* _Work task_: When you reach the line with "DIGITAL DOWNLOAD Goldfish" in the records below, begin transcribing exactly and continue up to and including the line with "Rosa Flamingo-Muster-Weintrinker Lustige", leaving out every picture.

----- Records shown

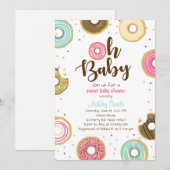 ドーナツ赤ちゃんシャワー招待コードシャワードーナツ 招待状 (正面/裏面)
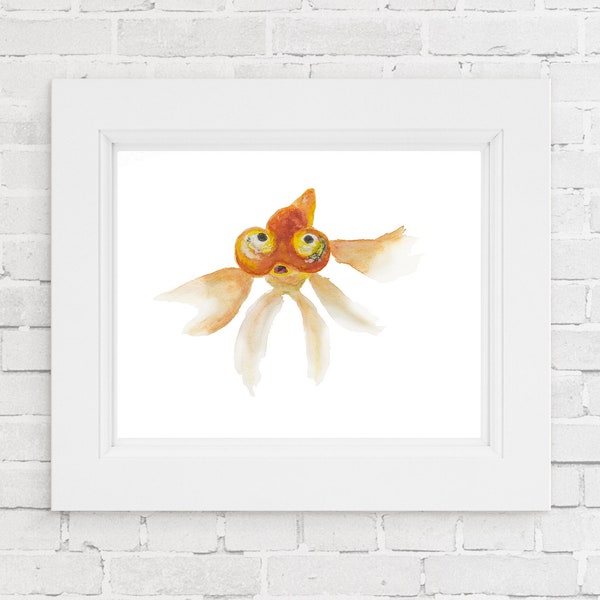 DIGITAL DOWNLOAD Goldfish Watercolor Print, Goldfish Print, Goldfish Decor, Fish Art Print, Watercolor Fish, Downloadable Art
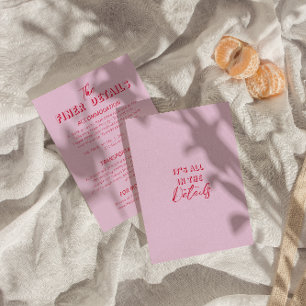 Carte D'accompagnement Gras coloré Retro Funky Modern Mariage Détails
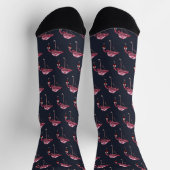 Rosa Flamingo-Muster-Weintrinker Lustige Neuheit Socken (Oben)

----------
----- Records shown

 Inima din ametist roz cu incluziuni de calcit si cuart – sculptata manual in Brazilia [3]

----------

* _Expected answer_:
 DIGITAL DOWNLOAD Goldfish Watercolor Print, Goldfish Print, Goldfish Decor, Fish Art Print, Watercolor Fish, Downloadable Art
 Carte D'accompagnement Gras coloré Retro Funky Modern Mariage Détails
 Rosa Flamingo-Muster-Weintrinker Lustige Neuheit Socken (Oben)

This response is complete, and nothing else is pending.